Edith Macefield refused to sell her house, at 1438 NW 46th St Seattle, WA 98107, to developers, so the condo was built around it.
Edith Macefield refused to sell her house, at 1438 NW 46th St Seattle, WA 98107, to developers, so the condo was built around it.

Edith Macefield

peopleseattlereal-estateballard
4 min read

They offered her $750,000. She said no. So they built the shopping center around her. In 2006, Edith Macefield became an international symbol of stubbornness when she refused to sell her small house in Seattle's Ballard neighborhood to make way for a commercial development. The developers had no choice but to construct their building around her property, creating one of the more surreal pieces of urban architecture in the Pacific Northwest: a massive retail complex with a tiny residential notch carved out of its footprint, like a missing tooth in an otherwise perfect smile.

A Life Before the Headline

Edith Macefield was 84 years old when the offer came, and she had already lived a life far more interesting than the headlines would suggest. Born in Oregon in 1921, she learned French, German, and other languages before enlisting in the military. She was sent to England, where officials eventually discovered she had lied about her age -- she wasn't yet 18. Rather than return home, Macefield stayed in wartime England and took care of war orphans. She married four times, all in Europe. Eventually she came back to the United States, settled in Ballard, cared for her mother, and worked at Washington Dental Service.
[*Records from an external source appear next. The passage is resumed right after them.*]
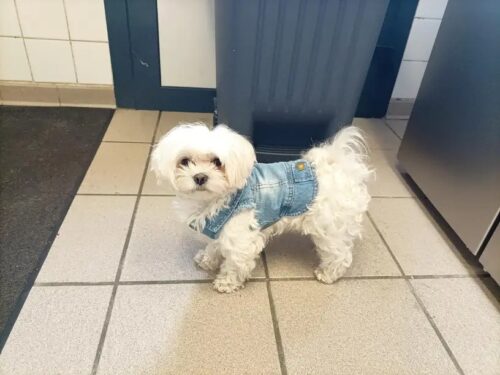 Vesta de Blugi #HC1207 photo review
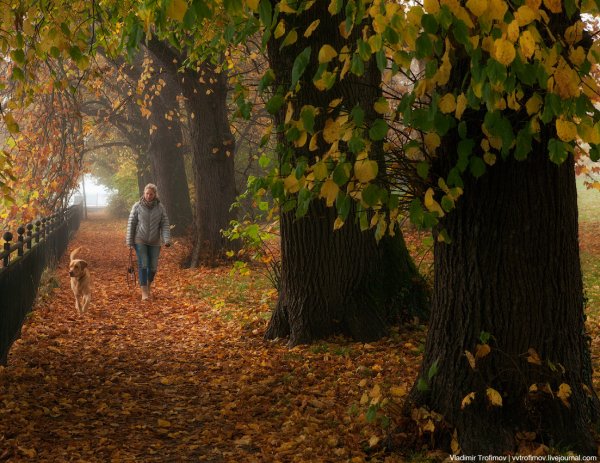 Осенний парк прогулка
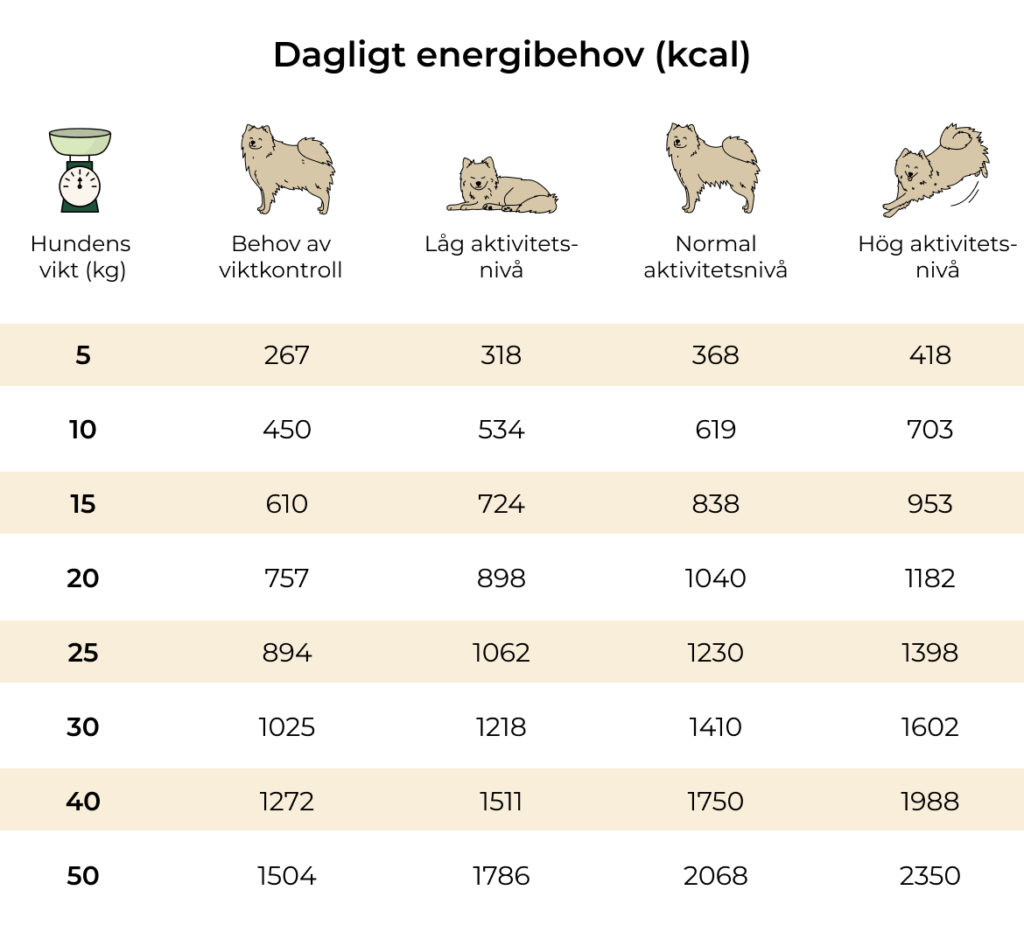 Tabell över dagligt energibehov för olika hundar baserat på aktivitetsnivå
By the time the developers arrived with their offers, she had been in the house long enough that leaving simply wasn't something she was willing to do.

The Holdout

The original offer was reported as a package worth $750,000. According to the construction superintendent, Barry Martin, Macefield came close to selling two or three times. Then she fell and broke some ribs, and the effort of moving became more than she could manage. So she stayed, and the construction crews built around her. Martin, who oversaw the project, developed an unlikely friendship with the elderly holdout. He drove her to appointments, brought her meals, and became a regular presence in her life as concrete and steel rose around her small wooden house. The contrast was stark and irresistible to the media: a tiny, aging home surrounded on three sides by a modern commercial building, its occupant unbothered by the noise, the shadows, and the absurdity.

Balloons and Legacy

Macefield died of pancreatic cancer on June 15, 2008, at age 86. Her story took on a second life when Pixar's Up was released in 2009, featuring an elderly widower who ties balloons to his house rather than sell to developers. The studio has said the film was not directly inspired by Macefield, but the parallels were impossible to ignore. In May 2009, a balloon display was staged over the Macefield house to promote the film, though wind quickly sabotaged the effort. The house became a venue for the Macefield Music Festival and a pilgrimage site for anyone who had ever fantasized about telling a developer to get lost. It went up for auction in 2015, its fate uncertain. What Macefield left behind was not just a house but a question about what stubbornness means when the thing you're refusing to give up is simply the life you've been living.

From the Air

Located at 47.662N, 122.375W in the Ballard neighborhood of Seattle, near NW 46th Street. The house is extremely small and would not be individually identifiable from the air, but the Ballard commercial district is visible between Salmon Bay and NW Market Street. The adjacent commercial complex may be identifiable at low altitude by the notch in its footprint. Nearest airports: Boeing Field/King County International (KBFI), 7 nm south; Kenmore Air Harbor (S60), 7 nm northeast.